**WORK ORDER**
Omitting every picture, copy the lines from the one that contains "Hotel Karino Spa โปลันชิกค์ ภายนอก รูปภาพ" through the last line of the records below, exactly and with nothing added.
[Opening DATA EXTRACTS section]
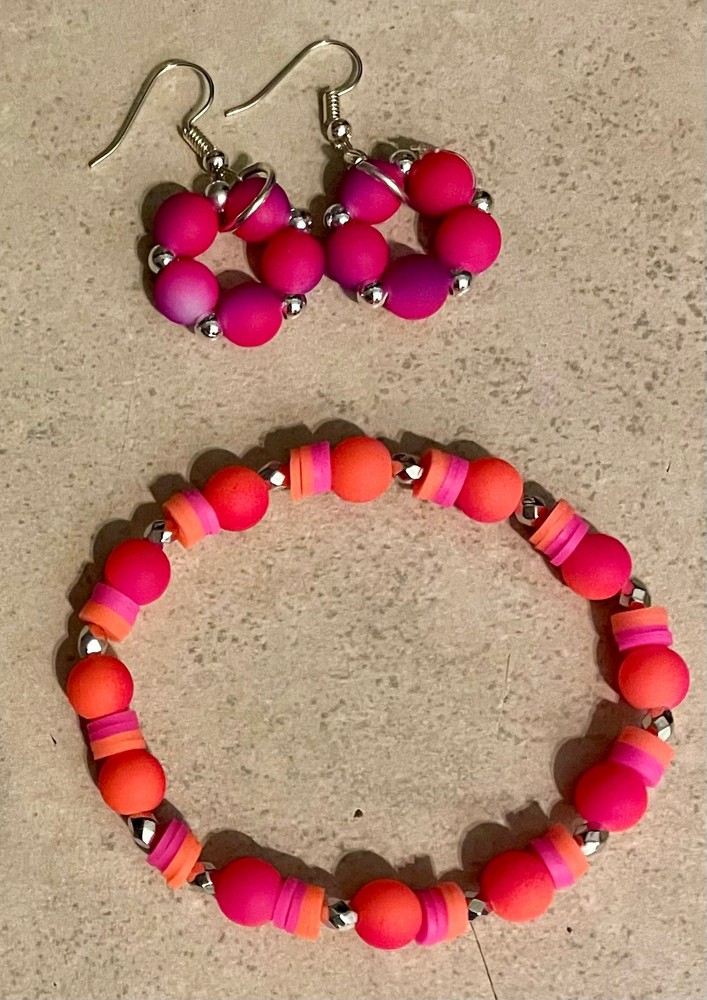 Pretty in Pink Earring& Bracelet Set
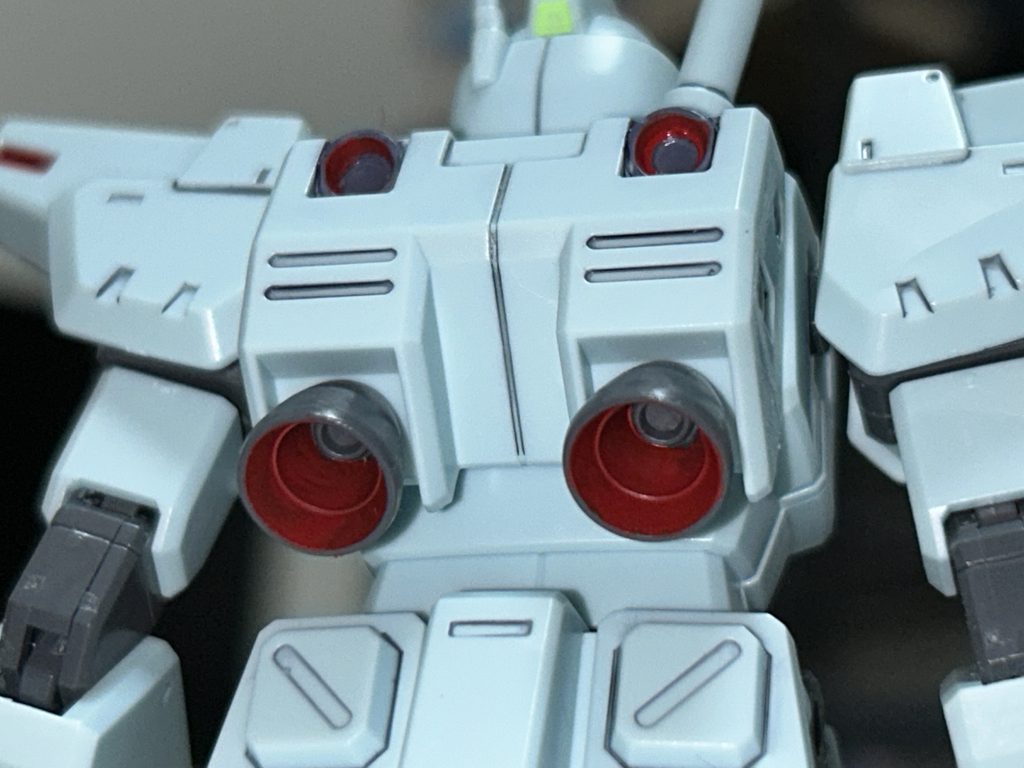 もちろんバックパックもメカグレーマーカーとシタデル赤を使い塗り分け。シタデルカラーはかなり綺麗に発色してくれて助かります…思い出の機体で色んな挑戦をさせてもらい、かなり経験値を積ませてもらえたんじゃないかと思ってます。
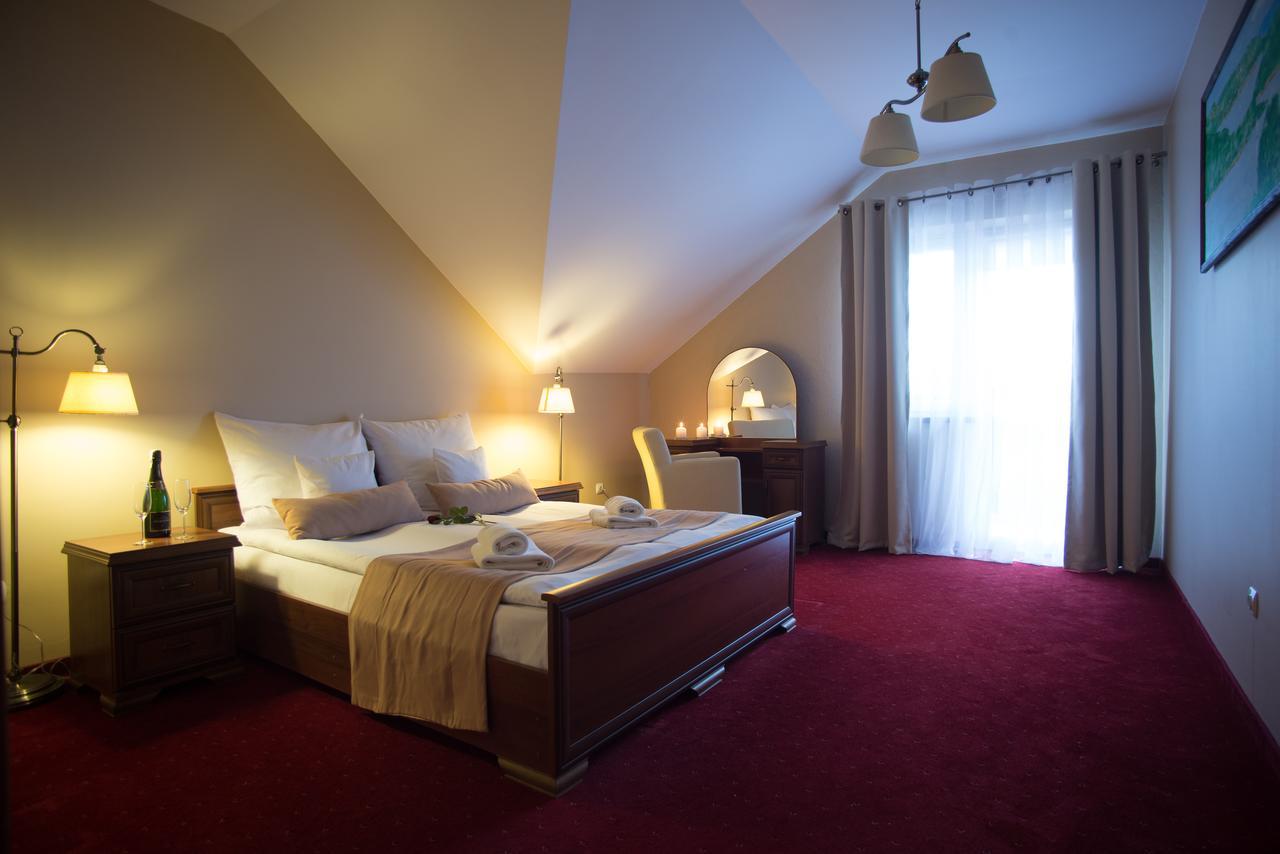 Hotel Karino Spa โปลันชิกค์ ภายนอก รูปภาพ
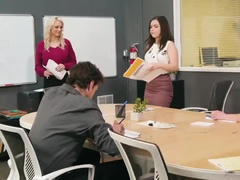 Analno, Blondinka, Prstni, Lizanje, Samozadovoljevanje, Naravne joške, Rimjob, Igrače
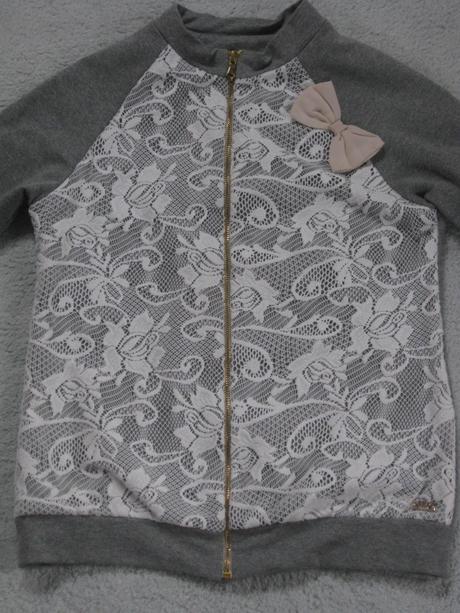 Mikina talianskej zn. krizia s čipkou, 152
[Closing DATA EXTRACTS section]
**EXERCISE OUTPUT**
 Hotel Karino Spa โปลันชิกค์ ภายนอก รูปภาพ
 Analno, Blondinka, Prstni, Lizanje, Samozadovoljevanje, Naravne joške, Rimjob, Igrače
 Mikina talianskej zn. krizia s čipkou, 152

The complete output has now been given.